#### Problem:
How many lines of the records below contain the word "Flower"? Answer with the number alone.

#### Supplied entries:
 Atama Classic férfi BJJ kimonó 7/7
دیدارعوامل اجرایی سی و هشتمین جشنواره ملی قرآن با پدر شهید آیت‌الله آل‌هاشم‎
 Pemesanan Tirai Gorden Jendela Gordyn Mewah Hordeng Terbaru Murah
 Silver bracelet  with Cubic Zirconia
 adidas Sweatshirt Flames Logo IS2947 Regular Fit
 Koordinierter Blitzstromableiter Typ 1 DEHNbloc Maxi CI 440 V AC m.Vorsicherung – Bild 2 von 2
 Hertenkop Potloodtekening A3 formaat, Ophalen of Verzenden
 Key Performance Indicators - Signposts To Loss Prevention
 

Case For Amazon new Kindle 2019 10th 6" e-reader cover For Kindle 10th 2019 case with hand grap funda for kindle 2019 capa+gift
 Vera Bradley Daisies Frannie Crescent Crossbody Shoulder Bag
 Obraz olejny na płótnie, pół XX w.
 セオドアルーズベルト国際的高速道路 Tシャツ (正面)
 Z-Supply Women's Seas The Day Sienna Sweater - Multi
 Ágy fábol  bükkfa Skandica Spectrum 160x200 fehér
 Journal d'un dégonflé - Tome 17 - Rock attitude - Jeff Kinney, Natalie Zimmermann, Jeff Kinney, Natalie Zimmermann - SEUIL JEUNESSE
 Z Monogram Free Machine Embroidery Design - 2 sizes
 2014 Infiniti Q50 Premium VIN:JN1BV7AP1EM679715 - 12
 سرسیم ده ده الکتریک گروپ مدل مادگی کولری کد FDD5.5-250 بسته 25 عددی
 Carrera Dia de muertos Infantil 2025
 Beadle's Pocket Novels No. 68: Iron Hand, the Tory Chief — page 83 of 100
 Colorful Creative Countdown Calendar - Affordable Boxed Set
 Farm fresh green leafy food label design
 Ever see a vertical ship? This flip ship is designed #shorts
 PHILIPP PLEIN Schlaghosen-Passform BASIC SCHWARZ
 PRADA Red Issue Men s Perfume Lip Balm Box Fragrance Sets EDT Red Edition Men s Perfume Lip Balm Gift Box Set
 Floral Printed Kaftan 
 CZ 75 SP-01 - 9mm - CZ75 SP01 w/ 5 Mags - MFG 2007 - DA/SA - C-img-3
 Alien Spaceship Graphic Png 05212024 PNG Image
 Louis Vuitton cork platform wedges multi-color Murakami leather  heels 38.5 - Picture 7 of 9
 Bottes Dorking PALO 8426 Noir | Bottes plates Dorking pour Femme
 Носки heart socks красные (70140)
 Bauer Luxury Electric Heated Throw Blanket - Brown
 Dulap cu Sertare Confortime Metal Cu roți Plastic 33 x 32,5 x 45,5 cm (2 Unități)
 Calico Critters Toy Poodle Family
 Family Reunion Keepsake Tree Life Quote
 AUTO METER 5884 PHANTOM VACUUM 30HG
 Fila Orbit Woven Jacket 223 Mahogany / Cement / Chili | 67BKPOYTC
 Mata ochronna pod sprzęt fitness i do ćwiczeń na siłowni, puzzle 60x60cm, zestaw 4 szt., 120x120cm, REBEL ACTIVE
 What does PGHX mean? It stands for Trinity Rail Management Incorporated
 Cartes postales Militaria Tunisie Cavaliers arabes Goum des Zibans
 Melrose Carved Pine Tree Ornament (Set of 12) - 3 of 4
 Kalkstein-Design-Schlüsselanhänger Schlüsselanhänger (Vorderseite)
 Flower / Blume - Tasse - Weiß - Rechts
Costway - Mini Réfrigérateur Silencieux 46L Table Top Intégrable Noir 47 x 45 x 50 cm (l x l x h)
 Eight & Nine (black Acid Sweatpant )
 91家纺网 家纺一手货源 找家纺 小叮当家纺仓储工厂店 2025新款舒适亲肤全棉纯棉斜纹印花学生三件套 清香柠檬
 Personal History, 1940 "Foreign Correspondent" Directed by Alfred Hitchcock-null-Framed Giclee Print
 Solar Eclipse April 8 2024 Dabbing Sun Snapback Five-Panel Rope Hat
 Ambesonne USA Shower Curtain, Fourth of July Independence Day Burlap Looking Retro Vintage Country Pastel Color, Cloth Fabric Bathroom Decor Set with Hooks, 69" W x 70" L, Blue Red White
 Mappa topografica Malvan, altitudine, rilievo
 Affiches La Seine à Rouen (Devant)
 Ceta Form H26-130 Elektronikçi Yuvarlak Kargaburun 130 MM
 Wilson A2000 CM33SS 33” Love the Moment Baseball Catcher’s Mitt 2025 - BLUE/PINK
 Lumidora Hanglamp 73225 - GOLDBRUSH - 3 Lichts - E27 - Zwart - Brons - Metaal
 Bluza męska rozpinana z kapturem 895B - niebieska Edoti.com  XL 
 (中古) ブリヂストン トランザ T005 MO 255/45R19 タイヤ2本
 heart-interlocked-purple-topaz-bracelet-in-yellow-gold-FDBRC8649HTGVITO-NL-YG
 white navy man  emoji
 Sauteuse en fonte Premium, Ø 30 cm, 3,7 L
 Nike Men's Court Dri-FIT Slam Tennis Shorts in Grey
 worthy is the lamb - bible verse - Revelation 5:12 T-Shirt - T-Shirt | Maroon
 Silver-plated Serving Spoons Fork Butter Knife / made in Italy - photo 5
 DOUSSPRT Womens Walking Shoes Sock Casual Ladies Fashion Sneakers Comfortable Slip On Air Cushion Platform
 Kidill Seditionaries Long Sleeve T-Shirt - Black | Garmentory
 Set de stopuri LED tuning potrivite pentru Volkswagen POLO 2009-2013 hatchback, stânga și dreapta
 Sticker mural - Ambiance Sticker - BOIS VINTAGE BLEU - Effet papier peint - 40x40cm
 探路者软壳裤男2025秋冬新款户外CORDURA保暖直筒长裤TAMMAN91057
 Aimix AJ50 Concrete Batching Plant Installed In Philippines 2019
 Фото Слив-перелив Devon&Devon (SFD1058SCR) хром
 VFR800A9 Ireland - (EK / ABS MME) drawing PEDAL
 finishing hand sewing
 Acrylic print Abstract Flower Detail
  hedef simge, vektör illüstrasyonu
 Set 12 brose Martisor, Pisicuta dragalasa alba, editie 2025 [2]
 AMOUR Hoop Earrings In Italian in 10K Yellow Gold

#### Answer to this exercise:
2